The panel also made some general observations regarding staple line reinforcement, stating that the use of staple line reinforcement will reduce bleeding along the staple line (100%). Interestingly, they could not agree whether to buttress or on whether buttressing reduces leaks. The general points of consensus outside the specific areas of LSG indications, technique, and complications included hiatal hernias and gastro-oesophageal reflux disease.
Interestingly, the panel stated that sleeve gastrectomies should only be performed by bariatric surgeons (85%) and that endoscopy should routinely be performed in patients undergoing sleeve gastrectomy (70%).
The paper states that the panel reached consensus on almost all topics, providing a basis for current technical and clinical approaches and the development of future guidelines. However, those topics that did not reach consensus (emphasize the need for additional studies and long-term data, especially within the specific areas of staple line reinforcement, patient selection, and specific points about the management of complications.

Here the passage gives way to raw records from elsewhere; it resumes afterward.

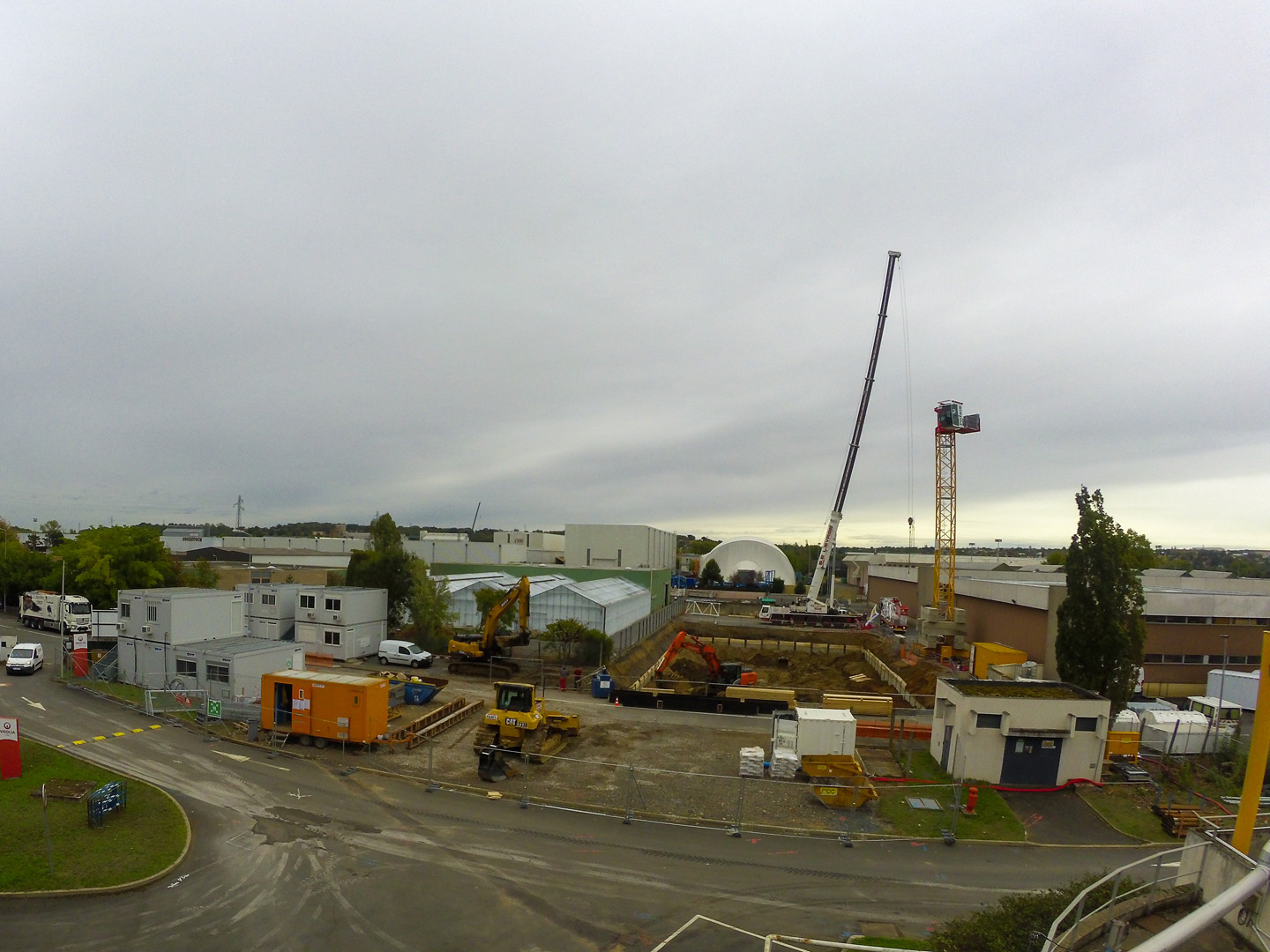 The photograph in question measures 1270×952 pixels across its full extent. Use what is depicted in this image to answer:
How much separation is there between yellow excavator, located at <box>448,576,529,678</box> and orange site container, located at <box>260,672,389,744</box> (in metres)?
12.7

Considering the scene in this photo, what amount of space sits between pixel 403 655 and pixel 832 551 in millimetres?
44668

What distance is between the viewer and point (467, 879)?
15188 mm

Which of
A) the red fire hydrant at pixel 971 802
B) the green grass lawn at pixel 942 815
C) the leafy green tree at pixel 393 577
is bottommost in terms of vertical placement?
the green grass lawn at pixel 942 815

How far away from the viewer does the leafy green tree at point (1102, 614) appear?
96.4 ft

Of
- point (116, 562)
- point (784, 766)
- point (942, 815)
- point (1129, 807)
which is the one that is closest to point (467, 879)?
point (784, 766)

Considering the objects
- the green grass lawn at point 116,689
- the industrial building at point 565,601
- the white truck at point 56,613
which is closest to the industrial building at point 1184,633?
the industrial building at point 565,601

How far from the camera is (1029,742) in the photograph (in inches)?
920

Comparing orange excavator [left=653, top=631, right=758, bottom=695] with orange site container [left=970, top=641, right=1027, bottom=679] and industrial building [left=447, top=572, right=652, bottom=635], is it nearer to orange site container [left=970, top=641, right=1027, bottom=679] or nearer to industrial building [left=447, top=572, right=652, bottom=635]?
industrial building [left=447, top=572, right=652, bottom=635]

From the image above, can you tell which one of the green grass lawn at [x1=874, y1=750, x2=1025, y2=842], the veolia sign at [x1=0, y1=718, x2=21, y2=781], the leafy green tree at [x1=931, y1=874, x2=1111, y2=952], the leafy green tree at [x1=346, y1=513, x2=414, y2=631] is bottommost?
the green grass lawn at [x1=874, y1=750, x2=1025, y2=842]

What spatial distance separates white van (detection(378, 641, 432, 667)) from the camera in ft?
130

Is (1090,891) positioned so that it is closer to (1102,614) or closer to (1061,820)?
(1061,820)

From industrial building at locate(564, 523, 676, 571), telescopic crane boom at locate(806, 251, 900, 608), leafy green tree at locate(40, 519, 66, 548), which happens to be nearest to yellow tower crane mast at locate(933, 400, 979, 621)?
telescopic crane boom at locate(806, 251, 900, 608)

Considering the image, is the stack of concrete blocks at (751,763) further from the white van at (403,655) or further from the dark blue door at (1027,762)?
the white van at (403,655)

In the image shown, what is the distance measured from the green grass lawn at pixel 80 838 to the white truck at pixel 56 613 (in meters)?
27.0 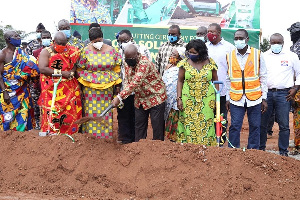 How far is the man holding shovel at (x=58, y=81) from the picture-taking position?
241 inches

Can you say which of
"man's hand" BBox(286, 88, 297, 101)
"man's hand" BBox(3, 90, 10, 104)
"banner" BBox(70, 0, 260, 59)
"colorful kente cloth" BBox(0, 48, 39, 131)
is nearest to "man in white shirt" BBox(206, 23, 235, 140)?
"man's hand" BBox(286, 88, 297, 101)

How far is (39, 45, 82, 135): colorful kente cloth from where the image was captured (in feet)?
20.2

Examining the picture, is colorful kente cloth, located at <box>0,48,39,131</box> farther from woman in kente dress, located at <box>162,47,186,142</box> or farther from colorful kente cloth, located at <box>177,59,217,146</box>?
colorful kente cloth, located at <box>177,59,217,146</box>

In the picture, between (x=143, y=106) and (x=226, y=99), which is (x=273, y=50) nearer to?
(x=226, y=99)

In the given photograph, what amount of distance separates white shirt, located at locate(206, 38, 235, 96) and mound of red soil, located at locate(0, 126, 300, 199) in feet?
7.42

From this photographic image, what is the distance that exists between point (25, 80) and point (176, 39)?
8.25 ft

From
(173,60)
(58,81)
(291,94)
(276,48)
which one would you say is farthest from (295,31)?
(58,81)

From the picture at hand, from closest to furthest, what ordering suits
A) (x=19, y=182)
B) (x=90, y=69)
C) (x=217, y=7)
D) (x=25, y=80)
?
(x=19, y=182), (x=90, y=69), (x=25, y=80), (x=217, y=7)

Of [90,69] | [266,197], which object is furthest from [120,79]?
[266,197]

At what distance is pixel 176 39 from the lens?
7098mm

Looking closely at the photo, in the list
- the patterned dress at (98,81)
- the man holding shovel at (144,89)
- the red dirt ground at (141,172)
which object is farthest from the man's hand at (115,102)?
the patterned dress at (98,81)

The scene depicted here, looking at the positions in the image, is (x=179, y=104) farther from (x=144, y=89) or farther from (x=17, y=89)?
(x=17, y=89)

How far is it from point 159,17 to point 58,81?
25.2 feet

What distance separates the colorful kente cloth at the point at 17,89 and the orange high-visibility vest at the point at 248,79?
10.1 feet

The paper concludes by stating that it is not meant to establish a standard of practice merely to support and encourage surgeons and surgical societies to develop standardised guidelines, as well as highlight the areas needing additional study and long-term experience and data.
“This type of consensus meeting is, to our knowledge, one of the first aimed at standardizing a surgical technique,” explained Rosenthal. “In these times, when so many new surgical technologies, techniques and procedures are being developed, it is crucial to provide resources for surgeons to learn best practices in a shorter period of time to achieve the optimal procedure results while minimising complications.”
The assembly and work of the expert surgeon panel that developed the consensus was supported by an educational grant from Ethicon Endo-Surgery.